• **Image-text web data**:

——

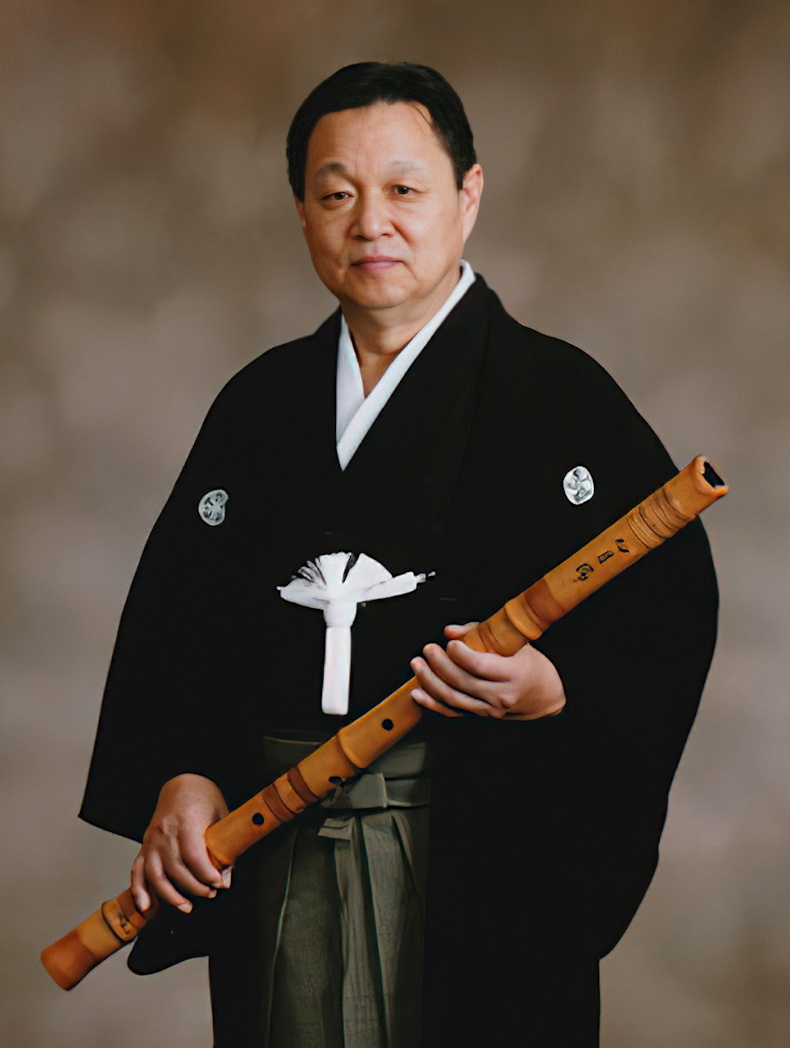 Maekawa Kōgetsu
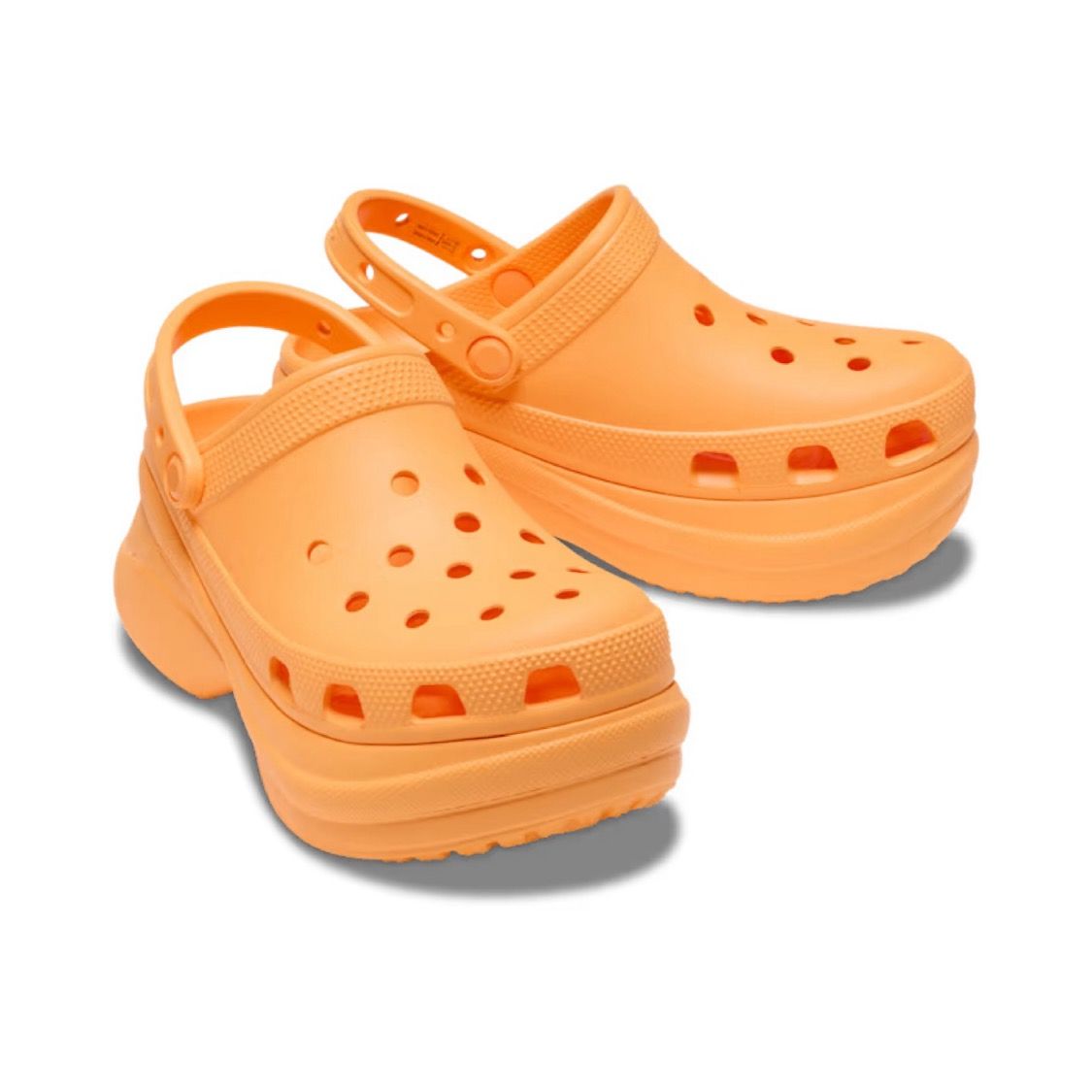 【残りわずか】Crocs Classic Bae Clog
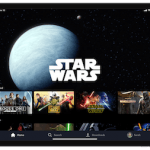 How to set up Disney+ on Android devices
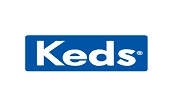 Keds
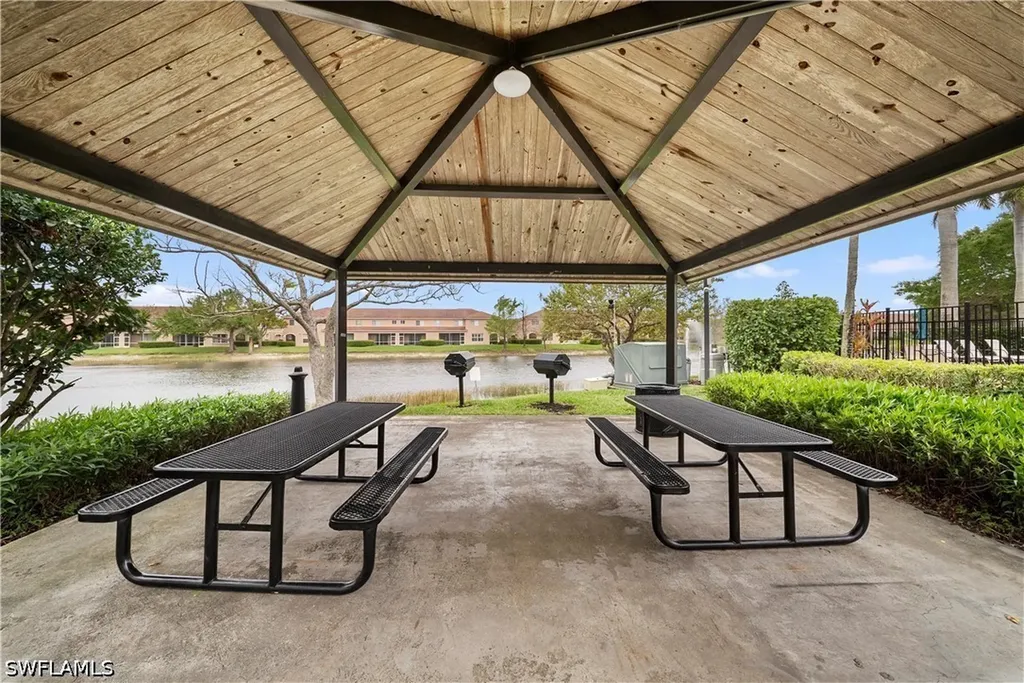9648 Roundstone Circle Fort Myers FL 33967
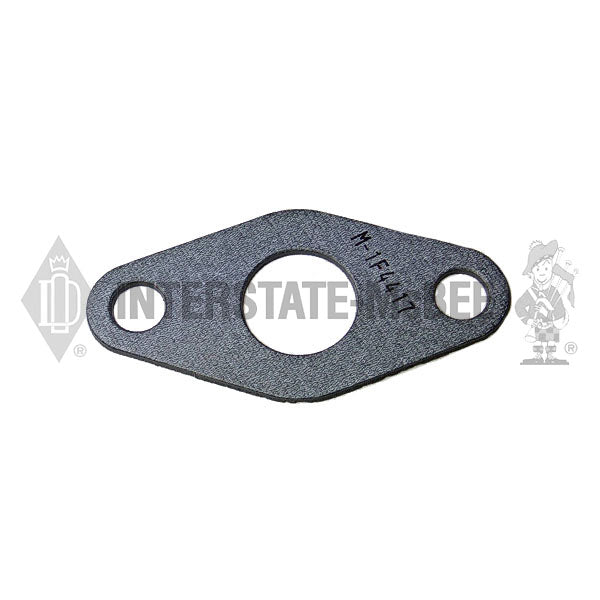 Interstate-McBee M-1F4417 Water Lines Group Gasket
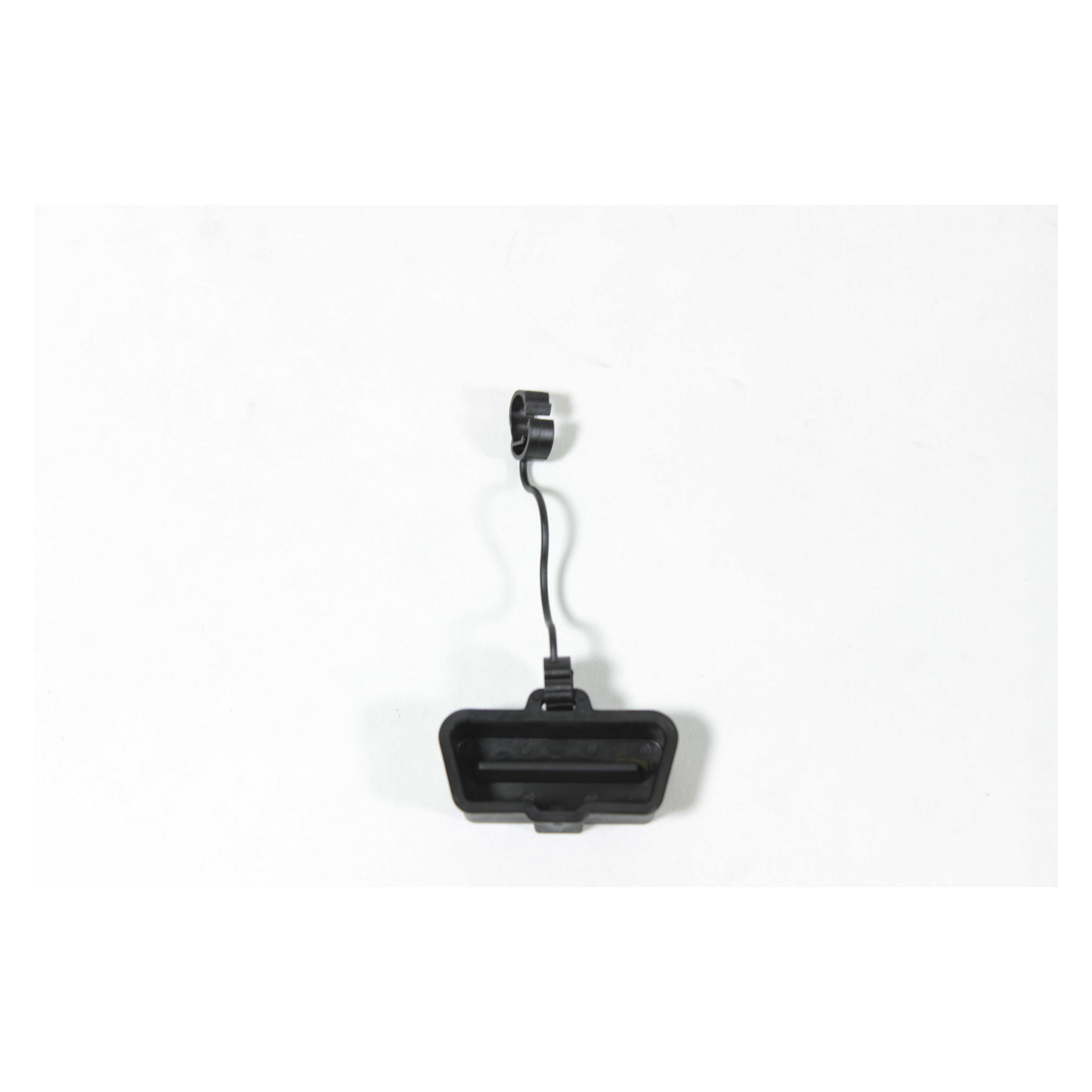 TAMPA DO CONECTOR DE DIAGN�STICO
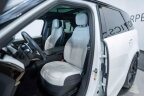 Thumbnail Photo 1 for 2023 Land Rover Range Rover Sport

——

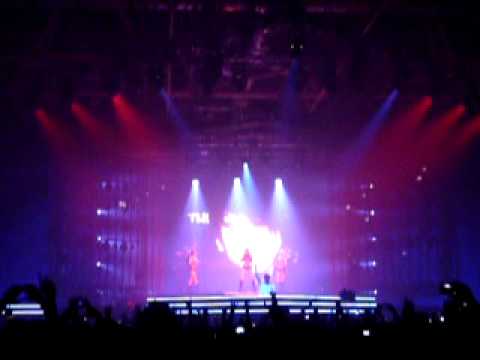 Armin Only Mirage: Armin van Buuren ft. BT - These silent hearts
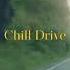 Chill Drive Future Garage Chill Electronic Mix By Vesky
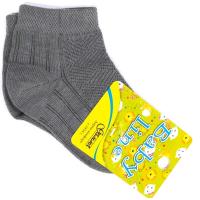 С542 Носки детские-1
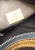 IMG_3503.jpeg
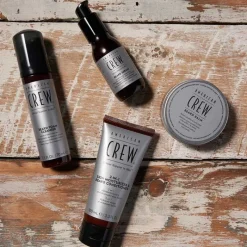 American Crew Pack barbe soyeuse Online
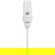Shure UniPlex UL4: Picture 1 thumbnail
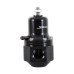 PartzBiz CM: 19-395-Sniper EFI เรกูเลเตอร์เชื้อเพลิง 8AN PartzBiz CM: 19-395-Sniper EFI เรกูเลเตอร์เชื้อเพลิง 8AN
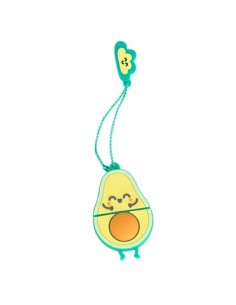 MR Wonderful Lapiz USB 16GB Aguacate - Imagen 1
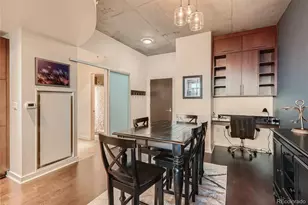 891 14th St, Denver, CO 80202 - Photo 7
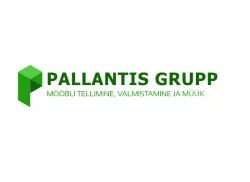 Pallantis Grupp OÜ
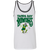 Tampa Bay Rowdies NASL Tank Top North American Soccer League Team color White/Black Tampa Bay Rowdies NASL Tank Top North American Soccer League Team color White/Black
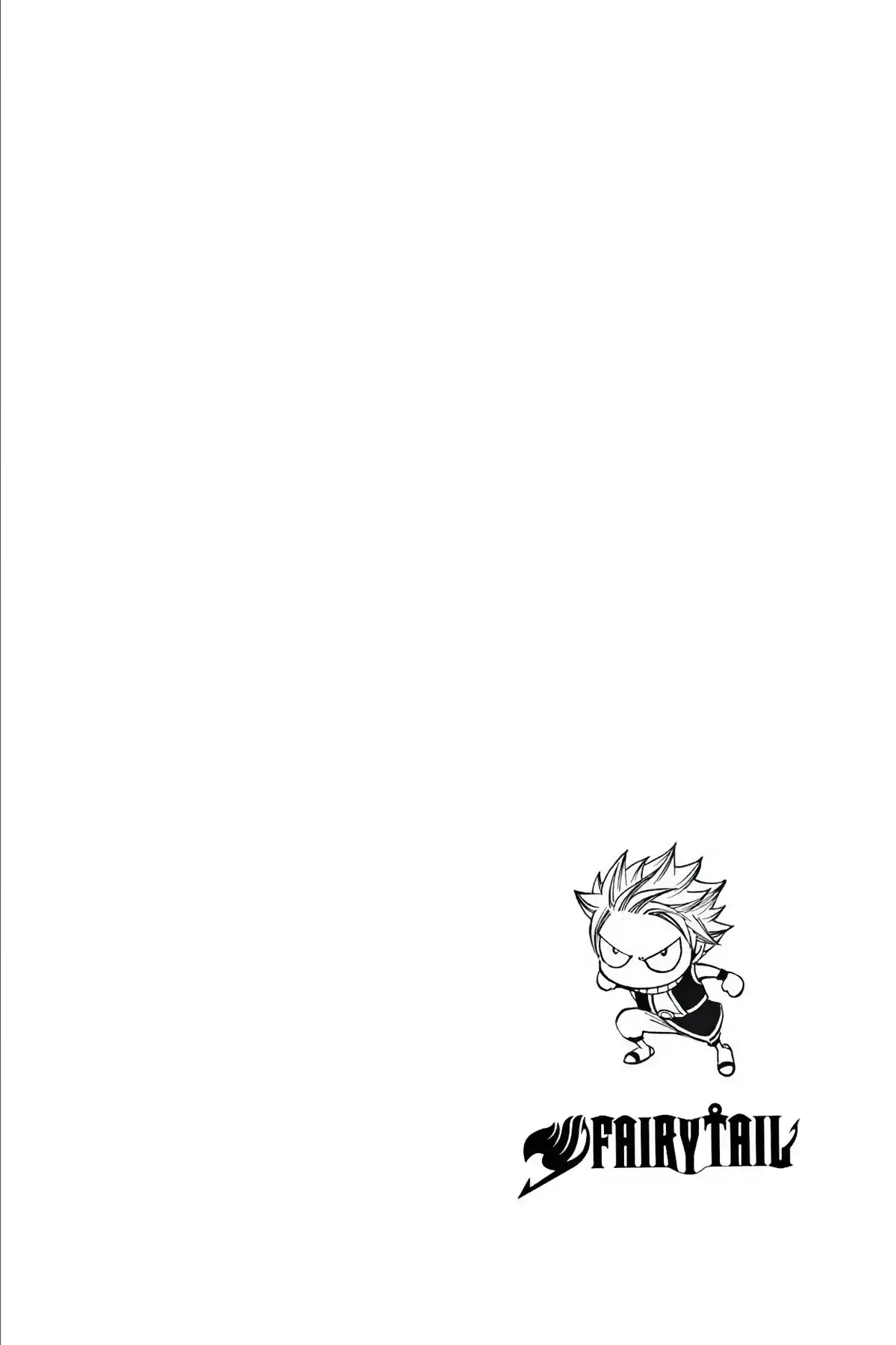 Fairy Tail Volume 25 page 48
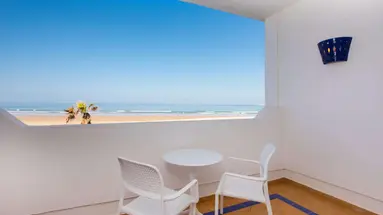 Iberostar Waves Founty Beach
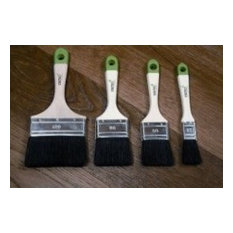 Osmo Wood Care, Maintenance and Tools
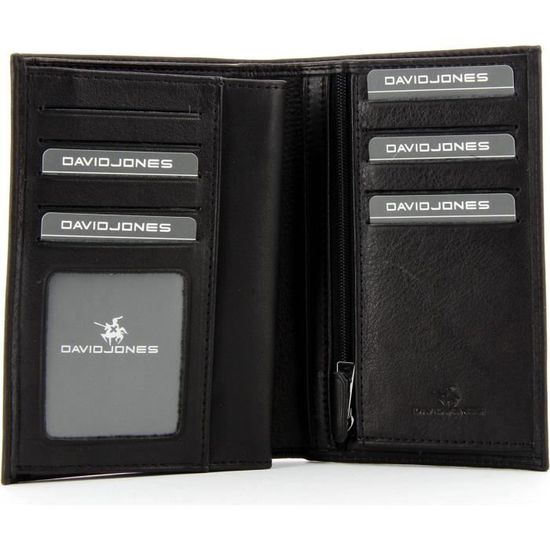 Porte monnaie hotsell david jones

——

• **TASK REQUIREMENTS**: Would you set down only the lines above from the line with "Maekawa Kōgetsu" to the line with "Thumbnail Photo 1", both included, exactly as they stand and without the pictures?

• **RESULT BELOW**:
 Maekawa Kōgetsu
 【残りわずか】Crocs Classic Bae Clog
 How to set up Disney+ on Android devices
 Keds
9648 Roundstone Circle Fort Myers FL 33967
 Interstate-McBee M-1F4417 Water Lines Group Gasket
 TAMPA DO CONECTOR DE DIAGN�STICO
 Thumbnail Photo 1 for 2023 Land Rover Range Rover Sport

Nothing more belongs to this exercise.